All fishing kites are equipped with an adjustable bridle to allow the kite to catch more or less wind. Depending on how heavy or light the wind is blowing on a particular day, the bridle should be moved to optimize the kite’s performance. The size and weight of the live bait, and the number of baits, flown from a single kite will also have an effect on the height at which the kite flies. The size of the main line and weight of the terminal tackle can also impact kite performance.

Adjusting the bridle on a fishing kite
Adjusting the bridle is a critical step. Zac Yarbrough Outdoors

After assembling the kite, you’ll see two marks on the kite bridle and an adjustable bridle slide. One of the marks will be black and the other red. Moving the bridle slide up toward the kite will shorten the bridle, allowing less wind to get under the kite. Moving the bridle slide away from the kite will lengthen the bridle, allowing more wind to get under the kite. On days with moderate to heavy wind, you should move the slide towards the kite so it will catch less wind and fly at a good height. On light-wind days, it’s important to adjust the slide down to lengthen the bridle. This will allow more wind to pick up the kite so that it flies at the desired height. You might need to make several adjustments during any given day depending on varying wind conditions.


Spreading the Kites

An important part of effectively fishing live bait from kites is the ability to present multiple baits and cover as much area as possible. A kite with no weights attached will fly straight off the kite rod and often directly behind the boat. If you are flying multiple kites, it is important to get the kites to spread out in different directions.

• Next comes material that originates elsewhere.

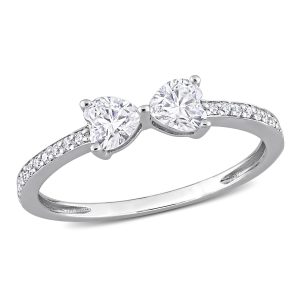 Mimi & Max Ring mit zwei Herzmotiven aus Sterlingsilber mit synthetischem Moissanit – 3/5 ct DEW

Weighting a kite for fishing
Adding split shots will alter the flight pattern of the kite. Zac Yarbrough Outdoors

To get your kite to fly to the right, start by attaching a small split shot weight to the upper right corner of the kite fabric. This will tilt the kite to the right and make it fly in that direction. If you want it to fly to the left, attach the split shot to the upper left side of the kite and it will tilt and fly left. The heavier the wind, the more split shots you can add. A wider spread will allow you to cover a greater area with your baits and attract more fish.

Yo-Yo Kite Line Storage

Replacing a kite line at sea can be a frustrating and a time-consuming task, so you should never leave the dock without having extra kite lines rigged and ready to go. Starting at the kite, measure 110 feet of 65-pound-test braided line back to the first swivel or clip position; attach the smallest barrel swivel to one end and leave the other end bare. At the bare end, wrap this section to a large plastic yo-yo spool until you get to the small barrel swivel. Attach and wrap two additional 65-foot sections around the yo-yo, with each swivel being one size larger than the first. Loop a rubber band to the largest barrel swivel and secure it to the yo-yo.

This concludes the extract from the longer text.